Ok, so I will review this rules.

@Yakov

This set of rules trigger some false positives. On this set of rules it made less than 10 false positives per 5000 words, tested on: https://pt.wikipedia.org/wiki/Isaac_Newton.

Regarding the corrections, there is indeed, in some cases, a suggestion of “o” being changed to “oo” (not a portuguese dictionary word) among with correct answers such as “o” and “os”. The rules should not make it so.
Is it prefereble to remove the suggestions for now?

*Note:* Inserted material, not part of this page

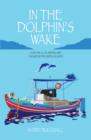 Image for In the dolphin&#39;s wake: cocktails, calamities and caiques in the Greek Islands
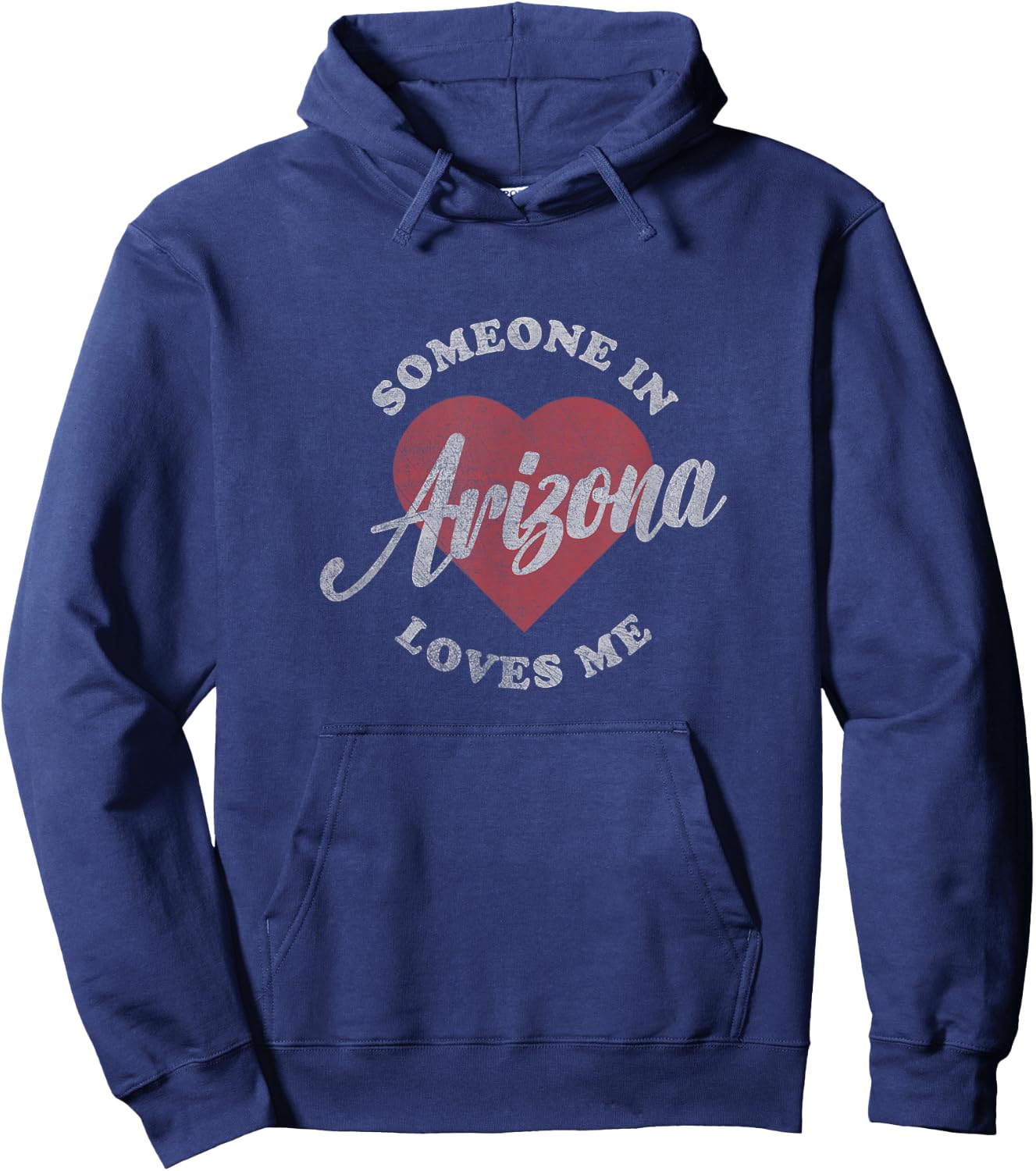 Someone in Arizona Loves Me Vintage Hoodie - Hoodie | Navy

Rule names fixed on first posts.

@marcoagpinto
Found the the daily build. I will test further rules on it but let us deal with these ones first.

@Yakov
I’ve run the ./testrules.sh PT now.
Running pattern rule tests for Portuguese... Exception in thread "main" java.lang.AssertionError: Portuguese: Incorrect suggestions: [A vaca] != [A vaca, As vacas] for rule ERRO_DE_CONCORDNCIA_DO_FEMININO_PLURAL_AS_A[1] on input: As vaca são malhadas. expected:<[A vaca]> but was:<[A vaca, As vacas]>
Ok. So I have to mention all the viable suggestions. Changed accordingly.

@dnaber

It also finds “issues” in the second regex rule. But without the second <regexp type="exact">[.]</regexp> the rule does not work.

Is there a better way than to consider crippling a viable solution, considering that all rules I have posted work without issues “in the field”?